Una cualidad propia de un buen pastor es el celo por aquello que le pertenece. Todos sabemos por experiencia propia que tendemos a no cuidar igual de nuestras cosas que de las que no nos pertenecen. Una persona bien educada tiende a cuidar también lo ajeno como si fuera lo propio. Nuestros campos, bosques y ciudades estarían relucientes y serían un auténtico paraíso. Cuando no se cuida lo ajeno vence el egoísmo de pensar sólo en el bien propio. Pero si cuidamos el bien ajeno, lo hacemos porque es un bien no sólo para mí, sino para los demás. La casa común, que dice el Papa en Laudato sì, se protege cuando se valora el bien que supone para todos.

Esta reflexión sobre el celo por lo propio (que por la buena educación engloba también lo ajeno) permite valorar acertadamente el sentido que tiene la autoridad. El pastor representa la autoridad para las ovejas. Pero dicha autoridad se basa en el bien que comunica al rebaño. No es arbitraria. La autoridad se refiere al bien que pretende defender, y en él encuentra su sentido.

El bien que Cristo comunica es la misma vida divina. Y reconocemos su autoridad porque nadie más en este mundo es capaz de darnos un bien similiar. Lo que Él hace, dice, aconseja o a veces manda, nos conduce hacia el bien, y un bien supremo. Nunca obedecer a Cristo disminuye nuestra autonomía y libertad, sino que se refuerzan al orientar nuesta existencia hacia un bien más sublime del que puedo alcanzar por mis propias fuerzas.

Por eso, si una virtud propia del buen pastor es el celo, una virtud propia de las ovejas es la obeciencia, que viene del latín ob-audire: significa saber escuchar. Y por eso dice Cristo: “Mis ovejas escuchan mi voz, y yo las conozco, y ellas me siguen, y yo les doy la vida eterna”. La escucha de Cristo, es decir, obedecer al Señor, implica la disposición del corazón y la entrega libre de quien le oye.

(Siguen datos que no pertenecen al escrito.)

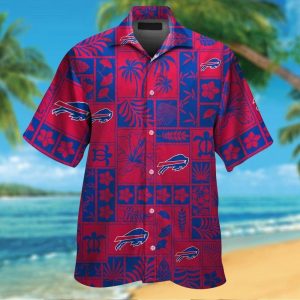 Buffalo Bills Hawaiian Short Sleeve Button Up Tropical Shirt Elegant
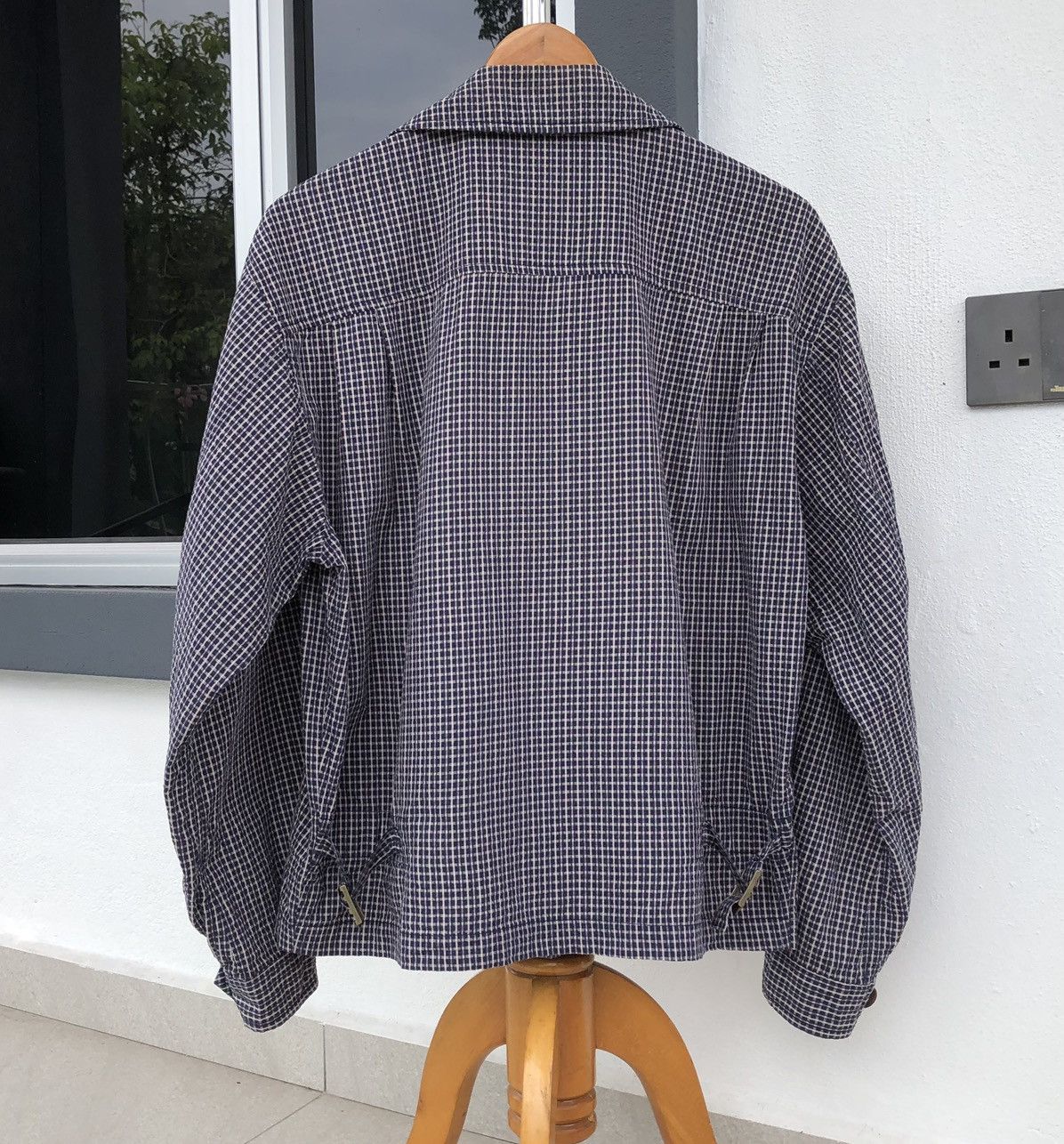 Alexander Julian Colours by Alexander Julian Checkered Cotton Bomber Jacket Size US L / EU 52-54 / 3 - 5 Thumbnail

Oir su voz y seguirle significa conocer a Dios. Y siguiendo al Señor, se nos comunica el bien más preciado para el hombre: la vida eterna, propia de la divinidad que se nos comunica por la gracia y los sacramentos en la comunión de la Iglesia.

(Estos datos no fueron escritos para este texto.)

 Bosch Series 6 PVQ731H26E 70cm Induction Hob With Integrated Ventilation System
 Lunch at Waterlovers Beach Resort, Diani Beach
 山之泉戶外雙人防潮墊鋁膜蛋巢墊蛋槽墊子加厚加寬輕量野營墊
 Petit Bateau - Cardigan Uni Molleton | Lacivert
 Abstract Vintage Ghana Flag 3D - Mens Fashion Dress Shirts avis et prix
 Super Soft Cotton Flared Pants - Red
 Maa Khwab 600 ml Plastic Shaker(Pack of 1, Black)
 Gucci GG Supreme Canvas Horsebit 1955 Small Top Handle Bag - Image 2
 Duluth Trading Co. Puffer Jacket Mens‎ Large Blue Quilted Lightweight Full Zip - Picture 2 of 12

El bien que Cristo comunicaba con sus hechos y palabras se nos sigue comunicando a través de la Iglesia, y específicamente a través de los sacramentos, que son acciones divinas. Todo el pueblo de Dios recibe en el sacramento del bautismo el sacerdocio común, por el que todos los bautizados se identifican con Cristo sacerdote. Pero algunos miembros del pueblo de Dios reciben una vocación especial para representarlo de modo específico: es el sacerdocio ministerial.

Hoy rezamos por las vocaciones sacerdotales, y también por todos los sacerdotes del mundo, para que sean siempre imagen viva de Cristo buen pastor y vivan siempre con humildad llevar en vasijas de barro un tesoro tangrande para ellos mismos, para la Iglesia y para toda la humanidad.